2020/08/01 11:11:07 [debug] 17498#0: *7 http proxy header: "Server: SimpleHTTP/0.6 Python/3.8.5"
2020/08/01 11:11:07 [debug] 17498#0: *7 http proxy header: "Date: Sat, 01 Aug 2020 01:11:03 GMT"
2020/08/01 11:11:07 [debug] 17498#0: *7 http proxy header: "Content-type: text/html; charset=utf-8"
2020/08/01 11:11:07 [debug] 17498#0: *7 http proxy header: "Content-Length: 340"
2020/08/01 11:11:07 [debug] 17498#0: *7 http proxy header done
2020/08/01 11:11:07 [debug] 17498#0: *7 http file cache send: /home/poida/src/nginx-1.15.6/objs/cache/157d4d91f488c05ff417723d74d65b36
2020/08/01 11:11:07 [debug] 17498#0: *7 posix_memalign: 00005609F7C46DC0:4096 @16
2020/08/01 11:11:07 [debug] 17498#0: *7 HTTP/1.1 200 OK
...
Rate Limited Request
...
2020/08/01 11:17:04 [debug] 17498#0: *10 http header done
2020/08/01 11:17:04 [debug] 17498#0: *10 rewrite phase: 0
2020/08/01 11:17:04 [debug] 17498#0: *10 test location: "/"
2020/08/01 11:17:04 [debug] 17498#0: *10 using configuration "=/"
2020/08/01 11:17:04 [debug] 17498#0: *10 http cl:-1 max:1048576
2020/08/01 11:17:04 [debug] 17498#0: *10 rewrite phase: 2
2020/08/01 11:17:04 [debug] 17498#0: *10 post rewrite phase: 3
2020/08/01 11:17:04 [debug] 17498#0: *10 generic phase: 4
2020/08/01 11:17:04 [debug] 17498#0: *10 http script var: ....

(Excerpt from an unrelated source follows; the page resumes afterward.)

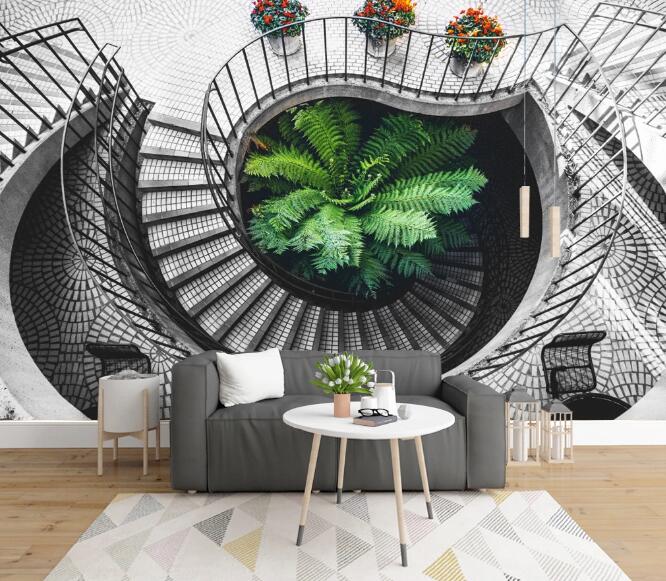 3D Spiral Staircase 383 Wall Murals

2020/08/01 11:17:04 [debug] 17498#0: shmtx lock
2020/08/01 11:17:04 [debug] 17498#0: shmtx unlock
2020/08/01 11:17:04 [debug] 17498#0: *10 limit_req[0]: -3 0.707
2020/08/01 11:17:04 [error] 17498#0: *10 limiting requests, excess: 0.707 by zone "mylimit", client: 127.0.0.1, server: , request: "GET / HTTP/1.1", host: "localhost:8080"
2020/08/01 11:17:04 [debug] 17498#0: *10 http finalize request: 503, "/?" a:1, c:1
2020/08/01 11:17:04 [debug] 17498#0: *10 http special response: 503, "/?"
2020/08/01 11:17:04 [debug] 17498#0: *10 http set discard body
2020/08/01 11:17:04 [debug] 17498#0: *10 HTTP/1.1 503 Service Temporarily Unavailable
...
For a rate limited request, processing stops before the server tries to generate the content or check the cache.
TL;DR; Rate limiting is applied first, before caching.